First son of Philip V and his second wife, Elizabeth Farnes of Parma, Carlos III was considered the greatest of the Spanish Bourbons.
Carlos had a fanatical addiction to hunting, his enduring passion. It is said he hunted all but three days of the year, rain or shine. Slightly before his death he boasted to a foreign ambassador that he had killed 539 wolves and 5,323 foxes.
During his reign the pillar or two-world type coinage was discontinued in favor of the new bust type coinage. The crowned arms of Spain remained the same. Silver coinage was struck in denominations of 8, 4, 2, 1, and 1/2 real. Gold coins were minted in units of 8, 4, 2, 1, and ½ escudos.
He ruled as duke of Parma, by right of his mother, from 1732 to 1734 and then became king of Naples. On the death of his half-brother Ferdinand VI in 1759, after a useful apprenticeship of 25 years as an absolute ruler, Carlos became king of Spain and resigned the crown of Naples.
Carlos III was convinced of his mission to reform Spain and restore it once more as a world power. Though Carlos did not possess a particularly brilliant mind, he had a good deal of common sense and was highly effective in selecting ministers and men of outstanding quality to improve the government.
His frugality and application to the business of government impressed foreign observers as well as his own subjects.

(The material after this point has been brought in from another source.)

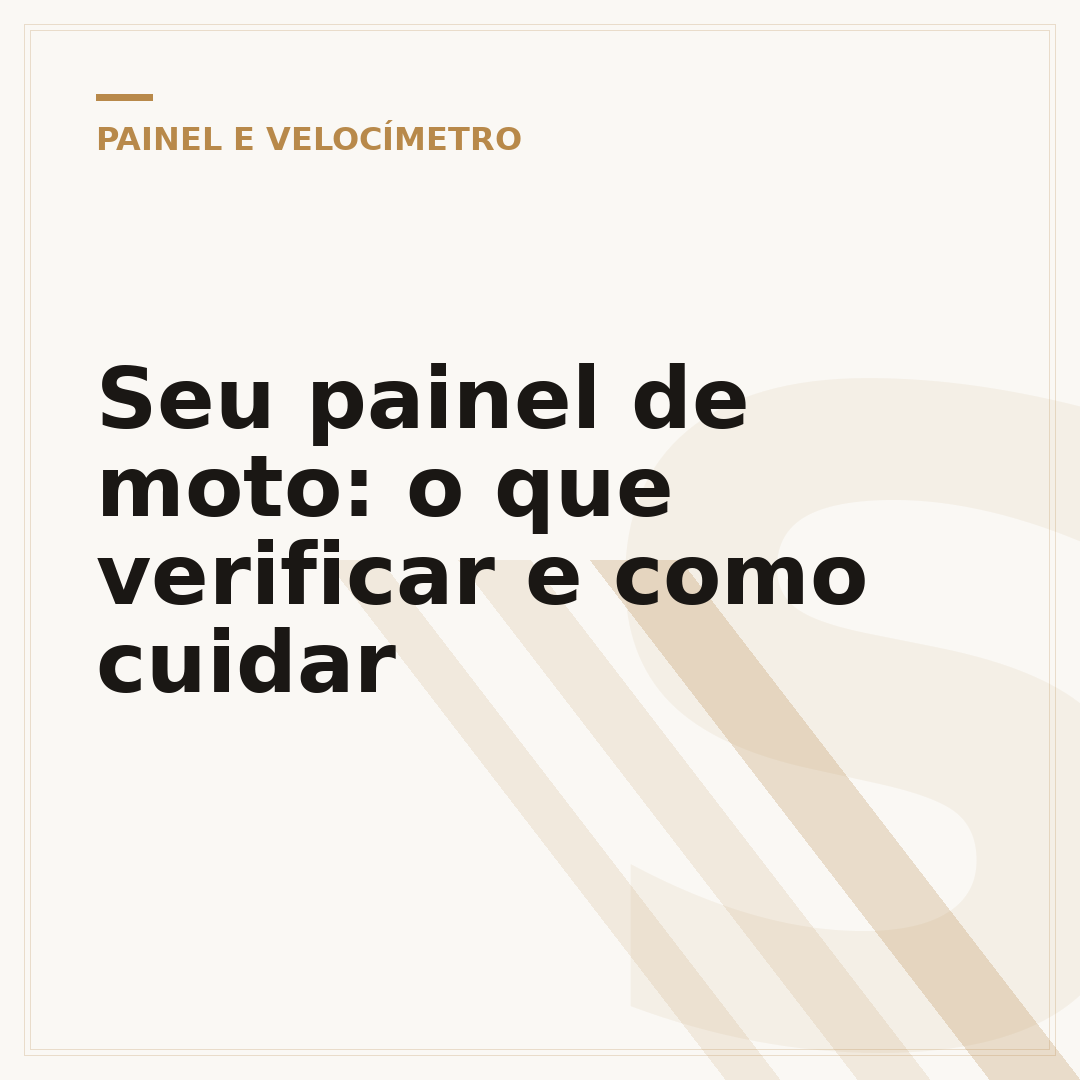 Seu painel de moto: o que verificar e como cuidar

His religious devotion was accompanied by a blameless personal life and a chaste loyalty to the memory of his wife, Maria Amalia of Saxony who died in 1760. He never remarried, rather it was said that in the best British public school tradition, he took a cold bath or paced the floor whenever the fevers of lust assailed him.
Carlos’s ecclesiastical policy was conditioned by his determination to complete the subordination of the church to the crown. Subsequently, he exiled the Jesuits and stripped the Inquisition of its last vestige of power.